After a nice relaxing cocktail christened “The Bonnie Blush” (mixed from lemon juice, crème de muire, champagne, blackcurrent jam and Johnnie Walker Black Label) we relaxed in for a culinary trip to Oz (the land with the wizard and munchkins and stuff, not the big dry continent that I’m from) which brought colour, vibrancy and exoticness into our lives for a couple of hours. Exoticness doesn’t look right. I think it should be “exoticicity”, or something. But it isn’t. Anyway.
The first whisky off the blocks was, appropriately, an Amrut double-cask. If there was ever any doubt about the pedigree of whisky from India, Amrut have proven conclusively that if you do something properly to can achieve spectacular results. Amalgamating tradition and innovation, Amrut use both barley imported to India from Scotland, and also grown locally in Bangalore, to manufacture their spirit. Not an old whisky by traditional standards (with the oldest in the bottle being 7 years old), the heat and humidity in India mean that whiskies mature at a different rate to those in Scotland, which Amrut have used to their advantage. I found the Double Cask to be a nice spritely and sweet smelling drop with spice and vanilla notes, and an excellent way to awaken the palate, with a very pleasant short and slightly salty finish.
We segued into the next whisky – a 17 year old Macallan independently bottled under the Glenkeir Treasures label – which continued the lightness and hints of salt on the nose, but with water added took on a much creamier scent. By contrast the flavour was unexpectedly fruity, with kiwifruit and cactus making an appearance, and a lengthy finish.
Whiskey number 3 (which you can probably tell differs from the others by virtue of the fact I’ve rigorously stuck to my personal specifications for spelling) was a Hancock’s Reserve Single Barrel Bourbon, which my notes describe as “All the characteristics of a bourbon but without the imminent threat of violence”. Continuing in the developing fruity theme, flavours of pears and caramel were released from this gem from Kentucky.
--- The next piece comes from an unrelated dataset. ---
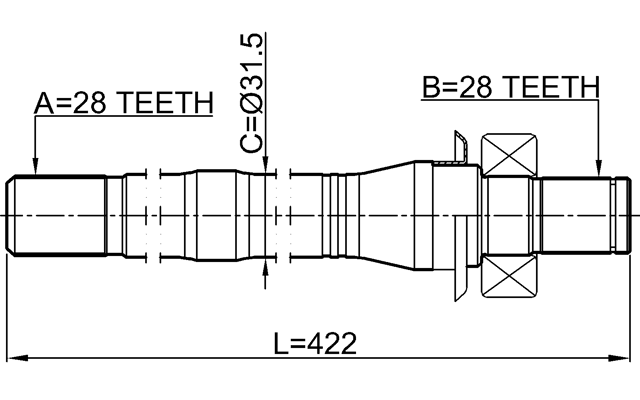 2212-SORXM - AXLE HALF SHAFT RIGHT 28X420X28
With reverent tones Dominic poured us our 4th and final dram of the evening, the 1982 Karuizawa 10yo from The Whisky Exchange – a privilege in a glass, and exemplifying all the reasons why people get into single malt whisky, revealing fascinating elements of matches and mushrooms in the vapour, delivering rich burnt sugar flavours amid wood, and leaving with a long, gentle but firm finish.
In actual fact there was no reason it had to be the final whisky of the night, as Quilon boasts an impressive whisky list of a further 50 options – however having only been to The Whisky Show a couple of days beforehand my liver was screaming for a rest.
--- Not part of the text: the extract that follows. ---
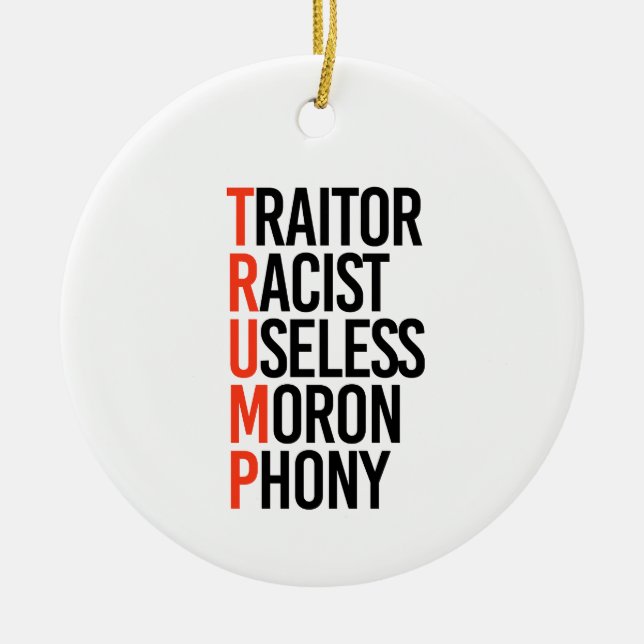 Anti-Trump Ceramic Ornament (Front)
Following the whisky tasting we were treated to a 3 course selection from the incredible menu – the starters pictured above were a journey through flavour country, at once rich yet subtle, and each a culinary explosion. Though a self-confessed chicken enthusiast I had to concede that the fish was nothing short of amazing. If I had to criticise anything about the shared main courses, a selection of curries & meat dishes, it’s that the portions were sensibly sized, rather than the excessive heap one wishes one had when presented with this sort of amazingness. The spiced icecream selection we finished up with was perfect, unusual and interesting.
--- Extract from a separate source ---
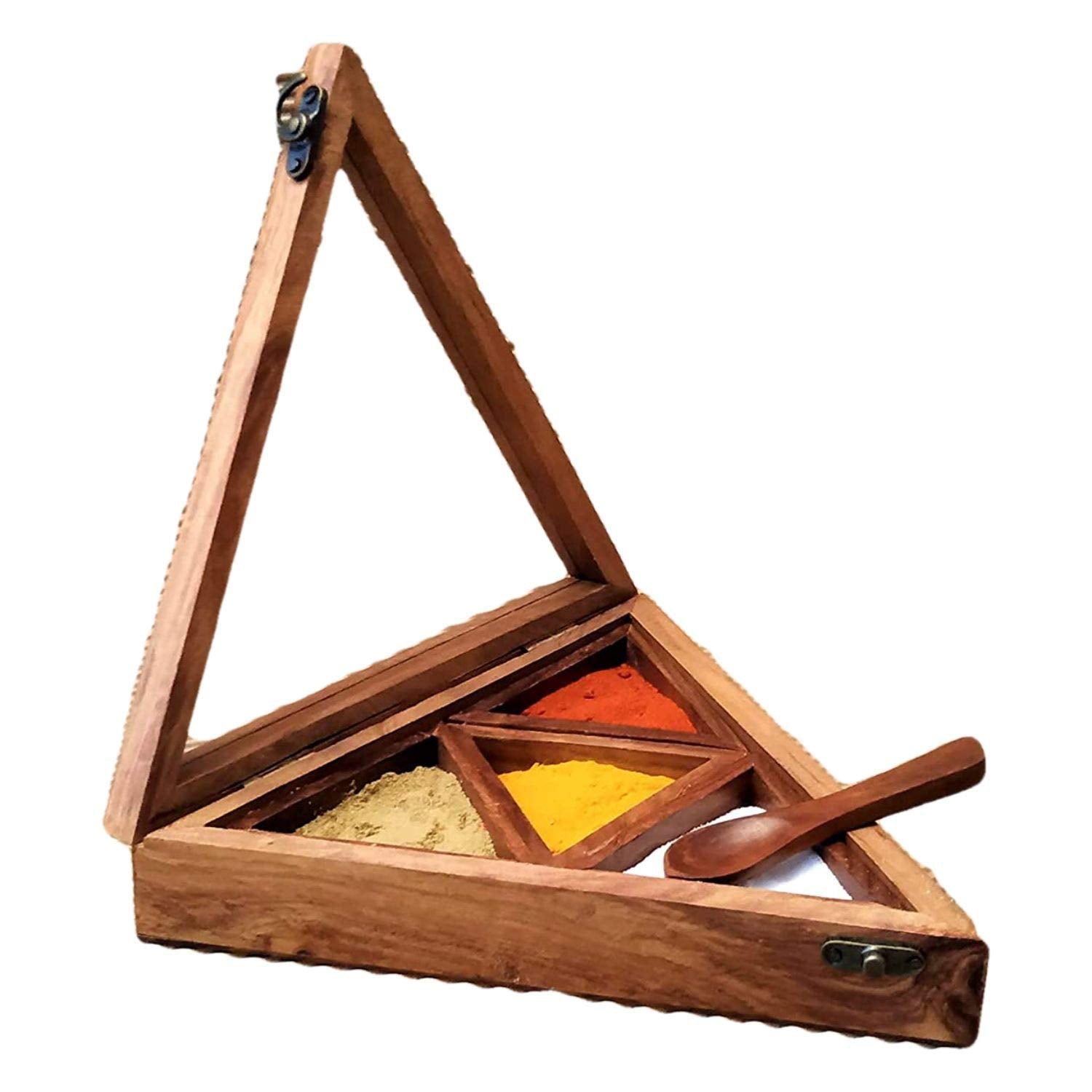 India Meets India Wooden Masala Dabba Spice Box Containers Jars With Spoon By Awarded Indian Artisan (L8Xw8Xh2 Inch, Triangle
As my colleague Billy – who, if I’m honest, wrote a far better review of the evening – and I were among the remaining stragglers we had a good chance to chat with Dominic and the Chef Sriram (who took great delight in joining us in a snifter of the Karuizawa).
Tickets for the dinner on February 1st are available from the restaurant for ￡59.50 per person, and represent excellent value. If you’re a fan of taste exploration this is a tremendous opportunity.